• [Problem to work on] Word for word, restate the entries that follow.

• [Exercise data]
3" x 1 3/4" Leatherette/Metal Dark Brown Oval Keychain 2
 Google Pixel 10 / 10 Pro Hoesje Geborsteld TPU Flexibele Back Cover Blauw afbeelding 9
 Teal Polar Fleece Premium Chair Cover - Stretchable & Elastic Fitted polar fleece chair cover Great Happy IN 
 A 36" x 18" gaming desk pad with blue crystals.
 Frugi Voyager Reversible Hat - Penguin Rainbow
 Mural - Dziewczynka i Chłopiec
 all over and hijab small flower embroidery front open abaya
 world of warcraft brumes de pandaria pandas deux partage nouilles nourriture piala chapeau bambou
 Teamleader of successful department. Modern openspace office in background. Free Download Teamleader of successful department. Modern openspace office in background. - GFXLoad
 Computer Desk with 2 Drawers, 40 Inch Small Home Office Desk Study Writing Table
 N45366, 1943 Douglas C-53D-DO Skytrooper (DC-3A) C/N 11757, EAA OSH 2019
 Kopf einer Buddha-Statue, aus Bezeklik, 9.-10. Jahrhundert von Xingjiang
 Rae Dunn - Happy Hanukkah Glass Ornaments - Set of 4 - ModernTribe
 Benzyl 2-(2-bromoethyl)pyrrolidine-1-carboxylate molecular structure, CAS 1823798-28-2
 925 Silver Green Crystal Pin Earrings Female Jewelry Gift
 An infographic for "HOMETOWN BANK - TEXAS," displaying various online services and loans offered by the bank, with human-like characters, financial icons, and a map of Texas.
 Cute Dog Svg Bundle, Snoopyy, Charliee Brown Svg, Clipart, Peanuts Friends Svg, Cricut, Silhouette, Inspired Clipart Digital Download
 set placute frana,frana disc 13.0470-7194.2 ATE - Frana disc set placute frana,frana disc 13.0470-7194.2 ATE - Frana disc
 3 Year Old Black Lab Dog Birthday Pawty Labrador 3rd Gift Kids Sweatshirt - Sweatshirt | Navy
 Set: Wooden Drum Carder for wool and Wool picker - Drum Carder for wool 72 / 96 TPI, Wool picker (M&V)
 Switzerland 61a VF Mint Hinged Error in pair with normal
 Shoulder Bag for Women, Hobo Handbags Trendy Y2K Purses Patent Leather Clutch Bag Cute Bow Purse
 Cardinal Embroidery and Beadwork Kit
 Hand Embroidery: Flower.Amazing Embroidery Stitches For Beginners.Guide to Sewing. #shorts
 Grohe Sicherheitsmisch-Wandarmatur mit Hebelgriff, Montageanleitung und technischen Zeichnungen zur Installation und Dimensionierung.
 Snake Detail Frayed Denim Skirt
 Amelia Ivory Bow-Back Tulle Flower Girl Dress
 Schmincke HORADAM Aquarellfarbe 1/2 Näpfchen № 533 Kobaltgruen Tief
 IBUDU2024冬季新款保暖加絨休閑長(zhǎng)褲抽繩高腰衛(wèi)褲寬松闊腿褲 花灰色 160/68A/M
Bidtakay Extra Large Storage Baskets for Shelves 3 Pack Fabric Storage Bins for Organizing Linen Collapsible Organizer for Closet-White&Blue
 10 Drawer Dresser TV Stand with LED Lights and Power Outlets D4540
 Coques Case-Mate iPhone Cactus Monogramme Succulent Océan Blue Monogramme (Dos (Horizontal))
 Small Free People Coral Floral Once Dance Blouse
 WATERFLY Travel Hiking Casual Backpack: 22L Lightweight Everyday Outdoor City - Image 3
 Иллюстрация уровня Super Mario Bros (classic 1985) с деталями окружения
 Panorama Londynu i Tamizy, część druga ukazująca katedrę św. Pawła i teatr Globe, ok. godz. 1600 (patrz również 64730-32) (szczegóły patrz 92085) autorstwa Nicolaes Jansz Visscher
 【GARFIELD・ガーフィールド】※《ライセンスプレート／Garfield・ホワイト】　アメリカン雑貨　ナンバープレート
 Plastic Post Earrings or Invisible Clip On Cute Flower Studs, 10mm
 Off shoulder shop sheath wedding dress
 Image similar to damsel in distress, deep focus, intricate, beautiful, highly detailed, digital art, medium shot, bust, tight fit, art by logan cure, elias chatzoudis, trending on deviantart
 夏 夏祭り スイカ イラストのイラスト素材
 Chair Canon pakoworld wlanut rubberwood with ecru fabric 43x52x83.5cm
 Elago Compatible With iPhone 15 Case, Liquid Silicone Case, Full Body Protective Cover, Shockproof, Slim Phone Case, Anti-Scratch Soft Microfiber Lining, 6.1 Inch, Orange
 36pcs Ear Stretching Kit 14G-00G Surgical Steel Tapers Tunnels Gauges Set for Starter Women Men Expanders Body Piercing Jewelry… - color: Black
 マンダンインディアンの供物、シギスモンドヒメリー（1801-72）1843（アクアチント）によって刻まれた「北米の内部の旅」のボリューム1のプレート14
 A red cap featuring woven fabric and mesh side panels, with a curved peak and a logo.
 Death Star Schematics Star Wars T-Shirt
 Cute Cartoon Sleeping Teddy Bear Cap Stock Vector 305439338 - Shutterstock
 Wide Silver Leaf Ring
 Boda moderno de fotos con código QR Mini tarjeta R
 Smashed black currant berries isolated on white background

• [Written response]
3" x 1 3/4" Leatherette/Metal Dark Brown Oval Keychain 2
 Google Pixel 10 / 10 Pro Hoesje Geborsteld TPU Flexibele Back Cover Blauw afbeelding 9
 Teal Polar Fleece Premium Chair Cover - Stretchable & Elastic Fitted polar fleece chair cover Great Happy IN 
 A 36" x 18" gaming desk pad with blue crystals.
 Frugi Voyager Reversible Hat - Penguin Rainbow
 Mural - Dziewczynka i Chłopiec
 all over and hijab small flower embroidery front open abaya
 world of warcraft brumes de pandaria pandas deux partage nouilles nourriture piala chapeau bambou
 Teamleader of successful department. Modern openspace office in background. Free Download Teamleader of successful department. Modern openspace office in background. - GFXLoad
 Computer Desk with 2 Drawers, 40 Inch Small Home Office Desk Study Writing Table
 N45366, 1943 Douglas C-53D-DO Skytrooper (DC-3A) C/N 11757, EAA OSH 2019
 Kopf einer Buddha-Statue, aus Bezeklik, 9.-10. Jahrhundert von Xingjiang
 Rae Dunn - Happy Hanukkah Glass Ornaments - Set of 4 - ModernTribe
 Benzyl 2-(2-bromoethyl)pyrrolidine-1-carboxylate molecular structure, CAS 1823798-28-2
 925 Silver Green Crystal Pin Earrings Female Jewelry Gift
 An infographic for "HOMETOWN BANK - TEXAS," displaying various online services and loans offered by the bank, with human-like characters, financial icons, and a map of Texas.
 Cute Dog Svg Bundle, Snoopyy, Charliee Brown Svg, Clipart, Peanuts Friends Svg, Cricut, Silhouette, Inspired Clipart Digital Download
 set placute frana,frana disc 13.0470-7194.2 ATE - Frana disc set placute frana,frana disc 13.0470-7194.2 ATE - Frana disc
 3 Year Old Black Lab Dog Birthday Pawty Labrador 3rd Gift Kids Sweatshirt - Sweatshirt | Navy
 Set: Wooden Drum Carder for wool and Wool picker - Drum Carder for wool 72 / 96 TPI, Wool picker (M&V)
 Switzerland 61a VF Mint Hinged Error in pair with normal
 Shoulder Bag for Women, Hobo Handbags Trendy Y2K Purses Patent Leather Clutch Bag Cute Bow Purse
 Cardinal Embroidery and Beadwork Kit
 Hand Embroidery: Flower.Amazing Embroidery Stitches For Beginners.Guide to Sewing. #shorts
 Grohe Sicherheitsmisch-Wandarmatur mit Hebelgriff, Montageanleitung und technischen Zeichnungen zur Installation und Dimensionierung.
 Snake Detail Frayed Denim Skirt
 Amelia Ivory Bow-Back Tulle Flower Girl Dress
 Schmincke HORADAM Aquarellfarbe 1/2 Näpfchen № 533 Kobaltgruen Tief
 IBUDU2024冬季新款保暖加絨休閑長(zhǎng)褲抽繩高腰衛(wèi)褲寬松闊腿褲 花灰色 160/68A/M
Bidtakay Extra Large Storage Baskets for Shelves 3 Pack Fabric Storage Bins for Organizing Linen Collapsible Organizer for Closet-White&Blue
 10 Drawer Dresser TV Stand with LED Lights and Power Outlets D4540
 Coques Case-Mate iPhone Cactus Monogramme Succulent Océan Blue Monogramme (Dos (Horizontal))
 Small Free People Coral Floral Once Dance Blouse
 WATERFLY Travel Hiking Casual Backpack: 22L Lightweight Everyday Outdoor City - Image 3
 Иллюстрация уровня Super Mario Bros (classic 1985) с деталями окружения
 Panorama Londynu i Tamizy, część druga ukazująca katedrę św. Pawła i teatr Globe, ok. godz. 1600 (patrz również 64730-32) (szczegóły patrz 92085) autorstwa Nicolaes Jansz Visscher
 【GARFIELD・ガーフィールド】※《ライセンスプレート／Garfield・ホワイト】　アメリカン雑貨　ナンバープレート
 Plastic Post Earrings or Invisible Clip On Cute Flower Studs, 10mm
 Off shoulder shop sheath wedding dress
 Image similar to damsel in distress, deep focus, intricate, beautiful, highly detailed, digital art, medium shot, bust, tight fit, art by logan cure, elias chatzoudis, trending on deviantart
 夏 夏祭り スイカ イラストのイラスト素材
 Chair Canon pakoworld wlanut rubberwood with ecru fabric 43x52x83.5cm
 Elago Compatible With iPhone 15 Case, Liquid Silicone Case, Full Body Protective Cover, Shockproof, Slim Phone Case, Anti-Scratch Soft Microfiber Lining, 6.1 Inch, Orange
 36pcs Ear Stretching Kit 14G-00G Surgical Steel Tapers Tunnels Gauges Set for Starter Women Men Expanders Body Piercing Jewelry… - color: Black
 マンダンインディアンの供物、シギスモンドヒメリー（1801-72）1843（アクアチント）によって刻まれた「北米の内部の旅」のボリューム1のプレート14
 A red cap featuring woven fabric and mesh side panels, with a curved peak and a logo.
 Death Star Schematics Star Wars T-Shirt
 Cute Cartoon Sleeping Teddy Bear Cap Stock Vector 305439338 - Shutterstock
 Wide Silver Leaf Ring
 Boda moderno de fotos con código QR Mini tarjeta R
 Smashed black currant berries isolated on white background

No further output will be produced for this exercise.